FIG. 7 is a plan view showing an end mark of the ink ribbon.

[Explanation of symbols]

 DESCRIPTION OF SYMBOLS 1 Thermal transfer printer 2 Platen 4 Carriage 4a Lower carriage 4b Upper carriage 5 (5a, 5b, 5c) Ribbon cassette 7 Thermal head 8 Parallel crank mechanism 11 Rotary crank mechanism 17 (17a, 17b, 17c) Ink ribbon 18 Photo for ribbon cassette identification Sensor 19 Canopy 25 Control unit 26 Notification unit 27 Photosensor for detecting the end of ink ribbon 28 Underprint number setting unit 29 Underprint number setting button 30 Paper type display unit 60 Termination mark

 ──────────────────────────────────────────────────の Continuing on the front page (72) Noriko Takigawa, Inventor, 1-7 Yukiya Otsukacho, Ota-ku, Tokyo Alps Electric Co., Ltd. (72) Inventor Yoshiyuki Asabu, 1-7 Yukiya Otsukacho, Ota-ku, Tokyo Alps Electric Co., Ltd. F-term (reference) 2C065 AA02 AB03 CJ01 CJ02 CJ03 CJ06 CJ08 DC06 DC07 DC10 DC29 DC32 2C068 AA01 AA06 AA15 AA22 BD23 BD31 BD49 KK11 KK36 LL07 LL14 LL17 LL21

Claims (5)

[Claims] 1. Using a plurality of ink ribbons, first, a base print is performed by a thermal head as necessary, and then a print is performed by the thermal head using an ink ribbon having a predetermined color ink on the base. In the thermal transfer printer configured as above, a base printing number setting unit that sets the number of times of the base printing for the same portion, and a control unit that controls so as to perform the base printing the number of times set in the base printing number setting unit.
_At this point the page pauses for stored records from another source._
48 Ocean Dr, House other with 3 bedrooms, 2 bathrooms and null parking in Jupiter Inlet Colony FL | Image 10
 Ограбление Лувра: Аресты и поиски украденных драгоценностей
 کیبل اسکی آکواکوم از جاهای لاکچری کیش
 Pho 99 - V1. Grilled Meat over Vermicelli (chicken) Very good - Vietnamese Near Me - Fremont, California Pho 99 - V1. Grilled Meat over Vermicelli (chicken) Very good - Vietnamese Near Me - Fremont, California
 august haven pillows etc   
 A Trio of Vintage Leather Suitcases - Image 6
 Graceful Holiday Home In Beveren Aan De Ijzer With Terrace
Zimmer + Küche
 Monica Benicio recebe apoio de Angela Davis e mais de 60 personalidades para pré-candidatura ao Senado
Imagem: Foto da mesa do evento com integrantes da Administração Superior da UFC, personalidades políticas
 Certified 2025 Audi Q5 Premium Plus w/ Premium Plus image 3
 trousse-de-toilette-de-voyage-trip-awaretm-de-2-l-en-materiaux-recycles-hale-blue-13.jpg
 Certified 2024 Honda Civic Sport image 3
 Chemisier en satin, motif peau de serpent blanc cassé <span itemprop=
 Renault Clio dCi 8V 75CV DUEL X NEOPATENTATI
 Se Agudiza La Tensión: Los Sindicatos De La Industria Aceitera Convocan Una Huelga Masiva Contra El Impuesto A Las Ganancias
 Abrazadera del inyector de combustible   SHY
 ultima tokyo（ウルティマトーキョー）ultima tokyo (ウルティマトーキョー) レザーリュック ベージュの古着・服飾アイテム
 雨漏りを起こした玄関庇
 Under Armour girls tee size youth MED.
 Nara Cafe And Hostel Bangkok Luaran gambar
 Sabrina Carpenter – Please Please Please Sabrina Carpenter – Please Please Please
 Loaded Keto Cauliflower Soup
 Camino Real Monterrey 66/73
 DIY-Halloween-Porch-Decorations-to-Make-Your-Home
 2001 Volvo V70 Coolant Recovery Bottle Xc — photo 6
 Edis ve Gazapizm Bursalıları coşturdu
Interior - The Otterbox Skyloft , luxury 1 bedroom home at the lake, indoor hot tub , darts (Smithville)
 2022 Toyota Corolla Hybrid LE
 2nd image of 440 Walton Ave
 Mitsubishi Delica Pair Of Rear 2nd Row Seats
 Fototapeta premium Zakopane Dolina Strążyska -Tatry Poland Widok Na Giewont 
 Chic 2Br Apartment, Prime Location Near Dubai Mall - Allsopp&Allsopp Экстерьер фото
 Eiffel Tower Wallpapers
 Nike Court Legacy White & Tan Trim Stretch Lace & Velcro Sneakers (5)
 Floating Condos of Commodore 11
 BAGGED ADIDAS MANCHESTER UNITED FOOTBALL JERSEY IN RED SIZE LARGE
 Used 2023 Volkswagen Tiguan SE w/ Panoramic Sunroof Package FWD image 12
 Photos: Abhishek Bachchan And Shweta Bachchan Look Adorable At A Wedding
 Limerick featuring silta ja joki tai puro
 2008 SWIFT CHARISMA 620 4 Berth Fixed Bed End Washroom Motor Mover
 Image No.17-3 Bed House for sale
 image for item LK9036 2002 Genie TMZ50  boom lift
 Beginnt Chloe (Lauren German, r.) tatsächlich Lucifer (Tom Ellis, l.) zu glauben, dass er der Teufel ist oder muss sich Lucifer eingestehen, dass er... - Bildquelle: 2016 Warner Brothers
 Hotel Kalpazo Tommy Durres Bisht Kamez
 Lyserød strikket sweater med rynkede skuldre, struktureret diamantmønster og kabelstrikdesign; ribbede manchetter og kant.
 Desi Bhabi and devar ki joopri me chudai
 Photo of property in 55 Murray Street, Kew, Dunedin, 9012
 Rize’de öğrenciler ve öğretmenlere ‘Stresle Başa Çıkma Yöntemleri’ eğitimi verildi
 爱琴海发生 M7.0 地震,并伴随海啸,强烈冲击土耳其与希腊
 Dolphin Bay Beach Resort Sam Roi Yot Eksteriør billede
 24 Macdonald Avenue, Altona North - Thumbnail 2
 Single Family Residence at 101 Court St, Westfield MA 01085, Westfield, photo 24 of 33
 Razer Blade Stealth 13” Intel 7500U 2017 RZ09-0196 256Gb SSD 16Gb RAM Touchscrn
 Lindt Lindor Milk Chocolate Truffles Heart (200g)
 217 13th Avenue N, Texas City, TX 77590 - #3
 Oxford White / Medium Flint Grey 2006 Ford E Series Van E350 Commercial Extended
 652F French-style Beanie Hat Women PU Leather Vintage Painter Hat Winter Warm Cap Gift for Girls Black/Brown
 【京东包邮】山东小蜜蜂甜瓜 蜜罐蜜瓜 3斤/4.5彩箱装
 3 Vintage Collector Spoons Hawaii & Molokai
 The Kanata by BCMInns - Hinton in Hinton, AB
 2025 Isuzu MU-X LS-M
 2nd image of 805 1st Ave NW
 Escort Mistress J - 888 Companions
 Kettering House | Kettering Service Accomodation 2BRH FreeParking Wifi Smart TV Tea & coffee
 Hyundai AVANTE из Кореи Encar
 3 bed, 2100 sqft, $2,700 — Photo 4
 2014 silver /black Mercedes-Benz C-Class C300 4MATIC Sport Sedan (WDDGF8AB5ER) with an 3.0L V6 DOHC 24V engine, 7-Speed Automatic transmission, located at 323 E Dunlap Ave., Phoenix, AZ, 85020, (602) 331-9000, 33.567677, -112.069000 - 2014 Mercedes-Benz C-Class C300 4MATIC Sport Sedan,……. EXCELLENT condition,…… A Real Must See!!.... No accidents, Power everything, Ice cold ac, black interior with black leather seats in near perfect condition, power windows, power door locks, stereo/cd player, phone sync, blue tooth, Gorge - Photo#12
A thermal transfer printer comprising: 2. The thermal transfer printer according to claim 1, wherein the underprinting number setting section selects the underprinting number according to the type of printing paper. 3. The apparatus according to claim 1, wherein the underprinting number setting unit selects the underprinting number according to the type of an image to be printed using the predetermined color ink. A thermal transfer printer as described. 4. The thermal transfer according to claim 1, further comprising one ribbon cassette for underprinting, and performing all underprinting using the ribbon cassette. Printer. 5. The thermal transfer printer according to claim 1, further comprising a plurality of ribbon cassettes for underprinting, wherein underprinting is performed using each ribbon cassette.